Minimum repetitions in merged array of characters

2020-07-23 09:02发布

问题:

Suppose I have two arrays and I want to merge them so that the merged array has the minimum amount of repetitions. For example [ 'x', 'x' ] is a repetition.

arr1 = [ 'x', 'd', 'd', 'm', 'f', 'm' ]
arr2 = [ 'd', 'd', 'x', 'f', 'f', 'm' ]

The only condition is that in the merged array, the elements from arr1 and arr2 must appear in their respective orders within arr1 and arr2. Below is an example of the merged array with 0 repetitions while maintaining this condition.

merged = [ 'd', 'x', 'd', 'x', 'd', 'f', 'd', 'm', 'f', 'm', 'f', 'm' ]

I'm trying to relate this problem to popular dynamic programming problems to help me out. Are there any similar problems out there that I should look into?

回答1:

I define the following function: F(d, i, j) = the minimum number of repetitions possible from a string made of a prefix of arr1 of length i and prefix of arr2 of length j, followed by a ith (d=0) or jth (d=1) symbol from arr[d]. Thus F(d, i, j) corresponds to a string of length i+j+1.

If you are familiar with the way Levenshtein distance is calculated, think of it as instead of assigning scores to the vertices of the grid we assign scores to the edges, where d signifies whether it's the horizontal or the vertical edge. This gives us a one-symbol 'memory', so we can detect repetitions.

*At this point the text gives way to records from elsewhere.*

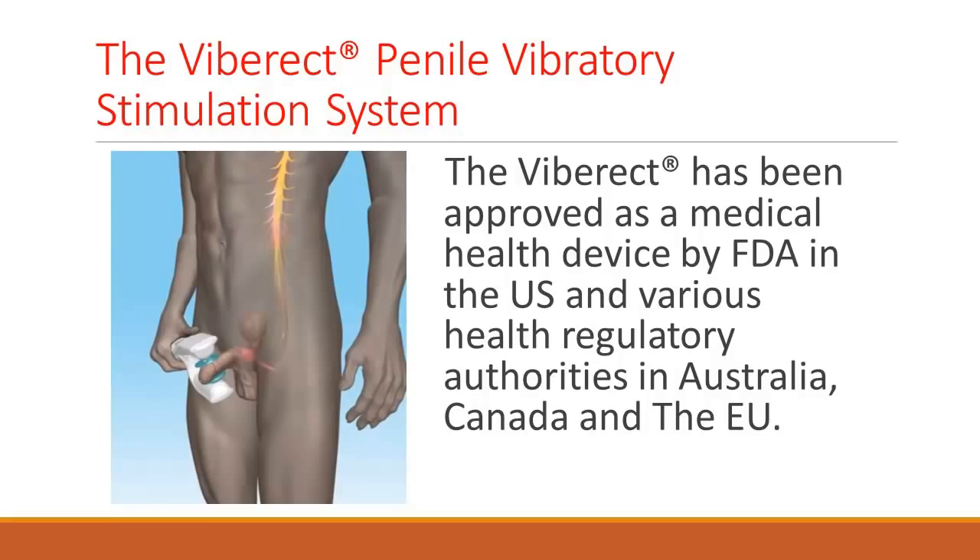I can only talk about applications that have been given to us by the FDA because of our limitation of claims. The Viberect — this is the exact wording — is a handheld medical device for home use and clinic use to provoke penile erection in men who experience erectile dysfunction and to provoke ejaculation in men with spinal cord injury. The cause of erectile dysfunction can be variable: it could be psychogenic or anxiety-related, depression-related, diabetes or other complications from medical disease, or men who have had surgery or radiation. The causes of ED are not limited.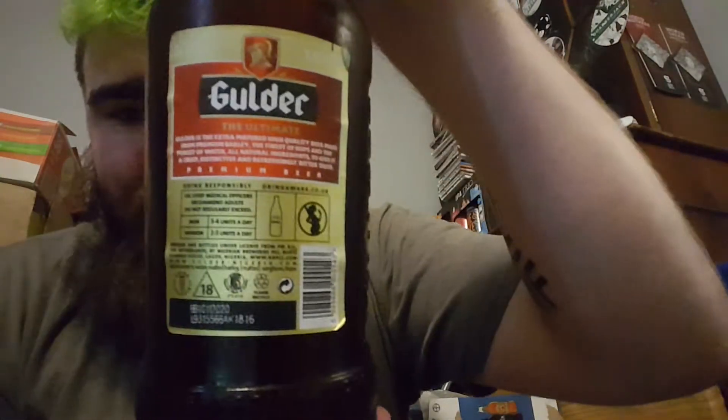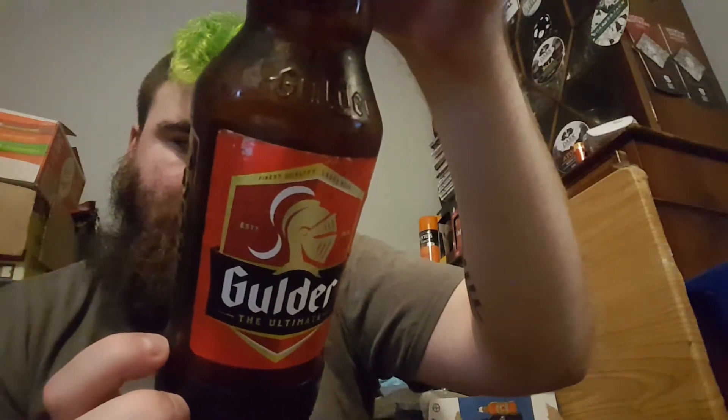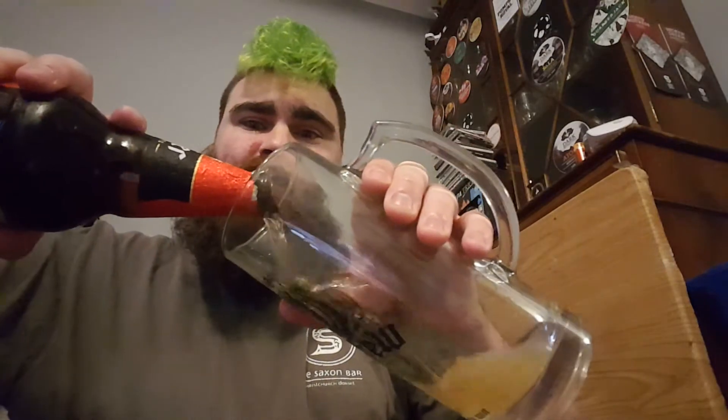From the back it's 10 for £11.20. Yeah, I saw this for £1.39 and thought I'd get it. Oh, it smells like a mediocre lager.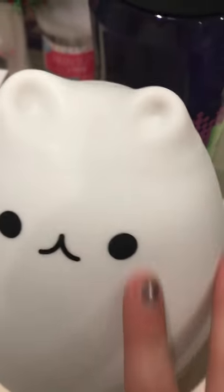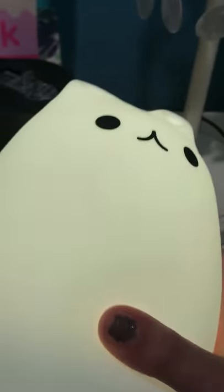Then I got this squishy for Christmas. And over here I got this thing called Pusheen — it's a cat. Here's the button, and he changes colors. Pusheen.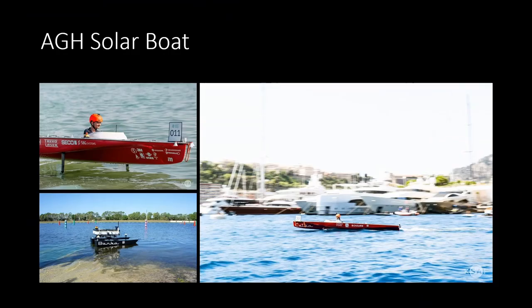Introducing AGH SolarBoat — we're a student scientific club. Our main goal is to build beautiful boats as you can see in these pictures. The red one is called Telka. It's the second iteration of our solar boat — a racing boat — and we're trying to race it at different competitions around Europe.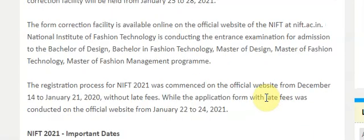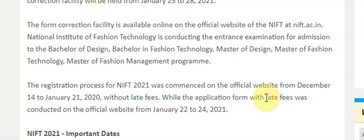The registration process for NIFT 2021 commenced on the official site from 14th December to 21st January 2021 without late fees, while the application with late fees was accepted from 22nd January to 24th January.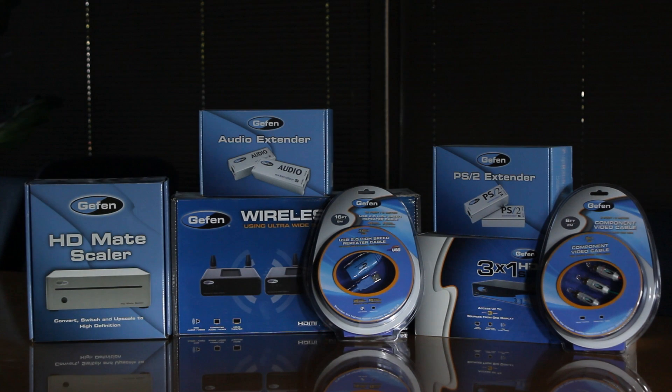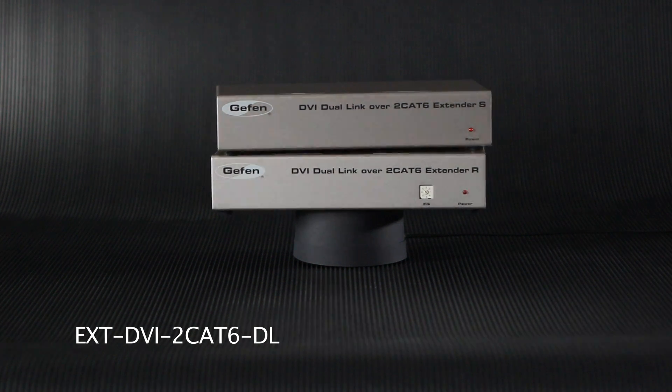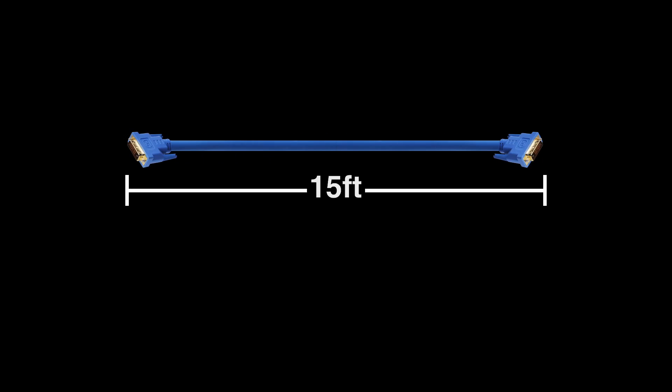Geffen's core line of products offers versatility and expandability for all of your video distribution needs. Introducing the new Geffen Dual-link DVI extender. It solves an issue that most DVI cables face — the typical DVI cable can only extend Dual-link resolutions up to 15 feet.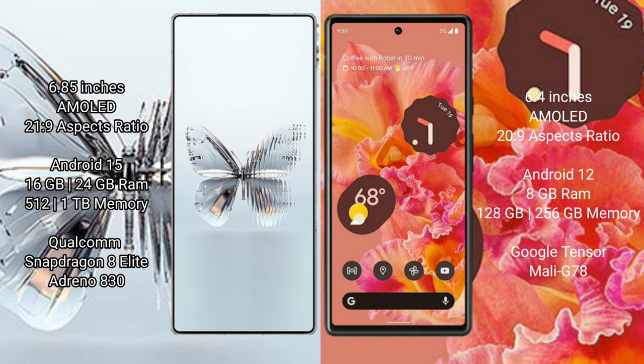Red Magic 10 Pro Plus comes with 16GB or 24GB RAM and 512GB or 1TB internal storage, powered by the Qualcomm Snapdragon 8 Elite processor and Adreno 830 GPU.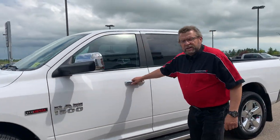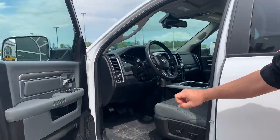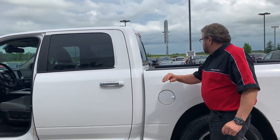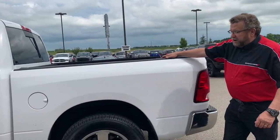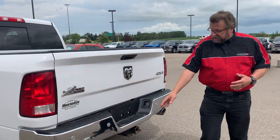76,000 kilometers only on it. Trailer mirrors, trailer brake controllers, power seats, WeatherTech floor mats, heated steering wheel, crew cab box groove, spray-in box liner, back-up camera, front sensors, rear sensors, trailer tow.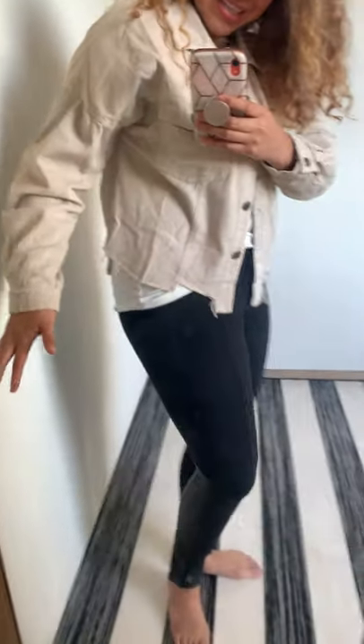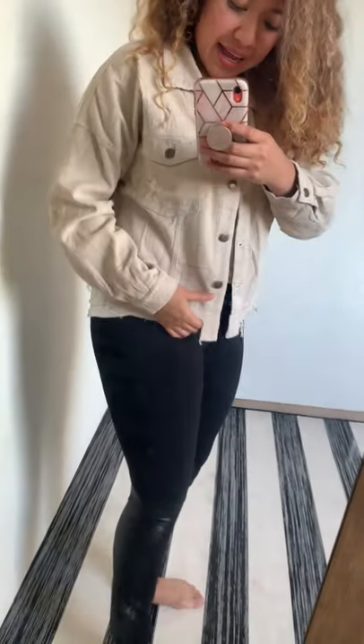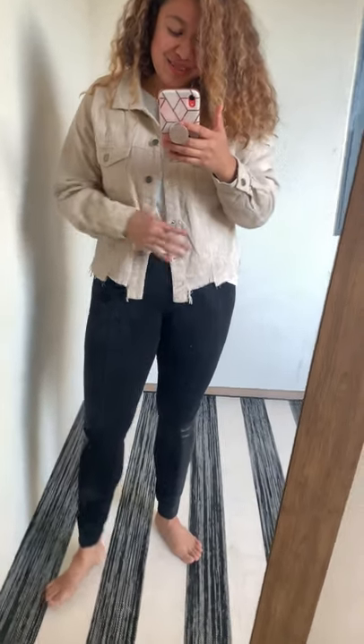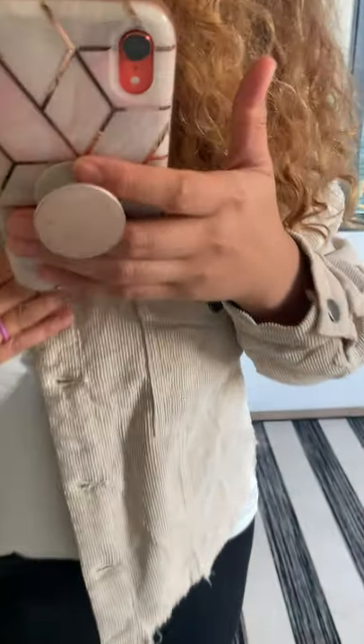Oh my goodness — take a look at our corduroy jacket. This is the beige color. I'm wearing a large. I love how distressed this jacket is; it's distressed all the way around. I think it's so cute, and it's our very first distressed jacket and our very first corduroy jacket.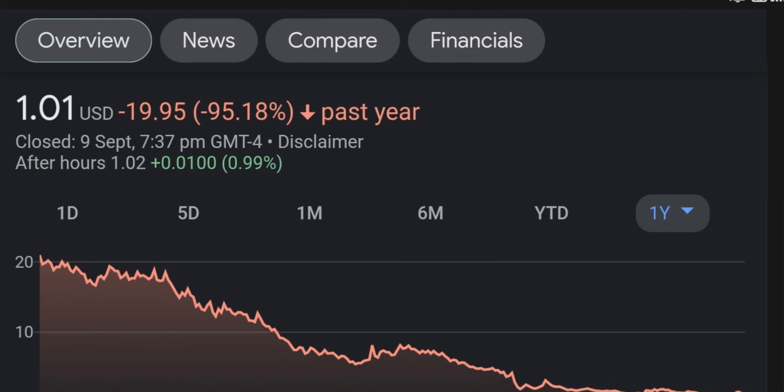In the very short term, it is probably going to correct again and go back down. But I don't think once it corrects it will go super low — I don't think it goes below $3.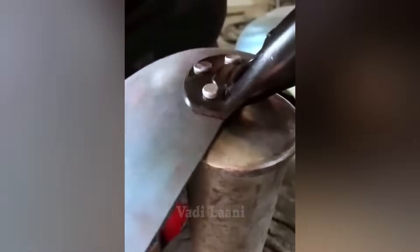In the final stage of production, it is necessary to securely attach the handle to the frying pan using rivets.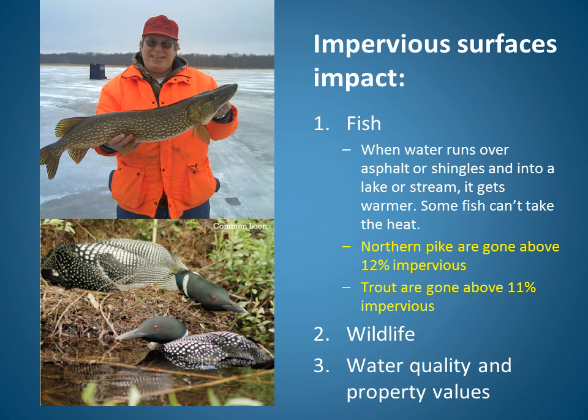To bring this all together, impervious surfaces impact fish, wildlife, and water quality and property values. When water runs over asphalt or shingles and into a lake or stream, it gets warmer, and some fish can't take the heat. Northern pike are completely eliminated in streams that have more than 12% impervious surface in their watershed. Similarly, trout are eliminated from streams where the watershed is more than 11% impervious. Impervious surfaces also impact wildlife such as loons, which hunt by sight and depend on clear water to catch fish. Having clear water is also linked to higher waterfront property values. If we want good fisheries, we need to work at keeping our lakes and streams healthy, which includes limiting the impervious surfaces around them.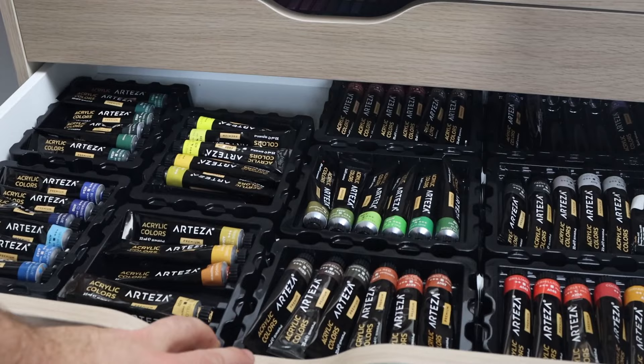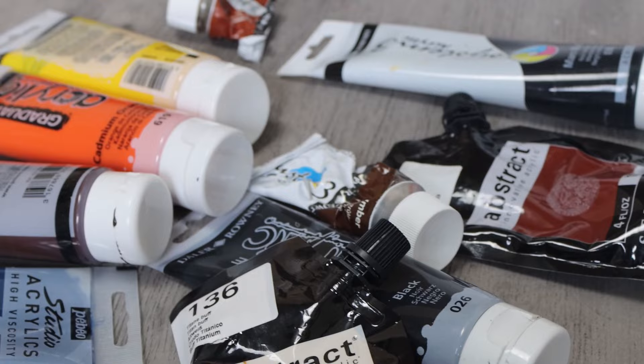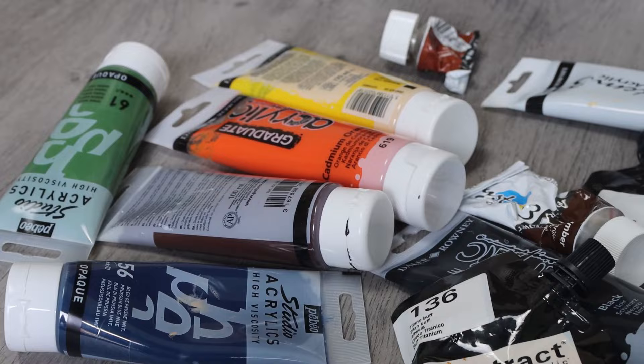Like this brand here from Daler-Rowney. One of the questions I always get asked is what brand of paints I'm using in my artwork. Here are some of the brands I use: Abstract by Sennelier, Daler-Rowney Graduate, and Pebeo Studio. I also have some more expensive paints that I use for professional quality work, but I use them very sparingly.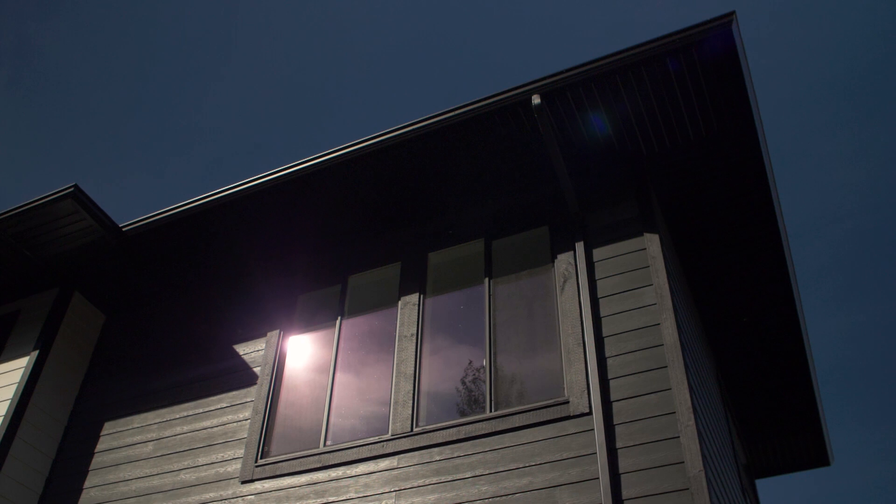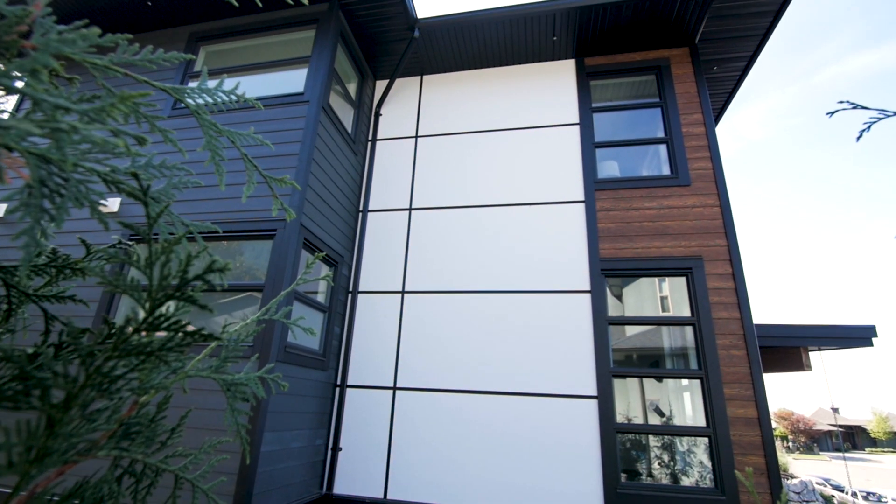On the West Coast, we love the sunshine and the rain. And with factory coated siding and trim, you can install these products during any season.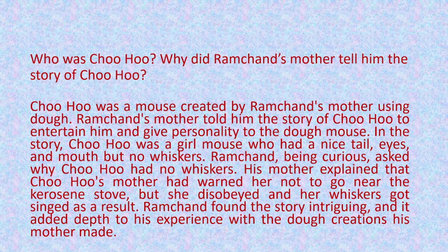Third question: who was Chuhu and why did Ramchand's mother tell him the story of Chuhu? The answer is: Chuhu was a mouse created by Ramchand's mother using dough. She told him the story to entertain him and give personality to the dough mouse. In the story, Chuhu was a girl mouse who had a nice tail, eyes and mouth but no whiskers. Ramchand, being curious, asked why Chuhu had no whiskers. His mother explained that Chuhu's mother had warned her not to go near the kerosene stove but she disobeyed and her whiskers got singed as a result. Ramchand found the story intriguing and it added depth to his experience with the dough creations.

The following C++ code calculates the minimum number of repetitions and prints a corresponding string in quadratic time:

#include <string.h>
#include <stdio.h>
#include <algorithm>
#include <limits.h>

char A[32], B[32], C[64];
int score[2][32][32];

void print_result(int d, int i, int j)
{
    char c = d ? B[j] : A[i];
    int s0 = i > 0 ? score[0][i-1][j] + (A[i-1] == c) : INT_MAX;
    int s1 = j > 0 ? score[1][i][j-1] + (B[j-1] == c) : INT_MAX;

    if(s0 <= s1 && i > 0)
        print_result(0, i-1, j);
    else if(j > 0)
        print_result(1, i, j-1);

    printf("%c", c);
}

void print_result(int i, int j)
{
    if(score[0][i-1][j] < score[1][i][j-1])
        print_result(0, i-1, j);
    else
        print_result(1, i, j-1);
}

int main()
{
    fgets(A, sizeof(A), stdin);
    fgets(B, sizeof(B), stdin);

    int m = strlen(A) - 1; // -1 to remove LF
    int n = strlen(B) - 1;

    for(int j = 0; j <= n; ++j)
    {
        for(int i = 0; i <= m; ++i)
        {
            score[0][i][j] = !i && !j ? 0 : std::min(
                i > 0 ? score[0][i-1][j] + (A[i-1] == A[i]) : INT_MAX,
                j > 0 ? score[1][i][j-1] + (B[j-1] == A[i]) : INT_MAX
            );
            score[1][i][j] = !i && !j ? 0 : std::min(
                i > 0 ? score[0][i-1][j] + (A[i-1] == B[j]) : INT_MAX,
                j > 0 ? score[1][i][j-1] + (B[j-1] == B[j]) : INT_MAX
            );
        }
    }

    printf("repetitions: %d\n", std::min(score[0][m-1][n], score[1][m][n-1]));

    print_result(m, n);
    printf("\n");

    return 0;
}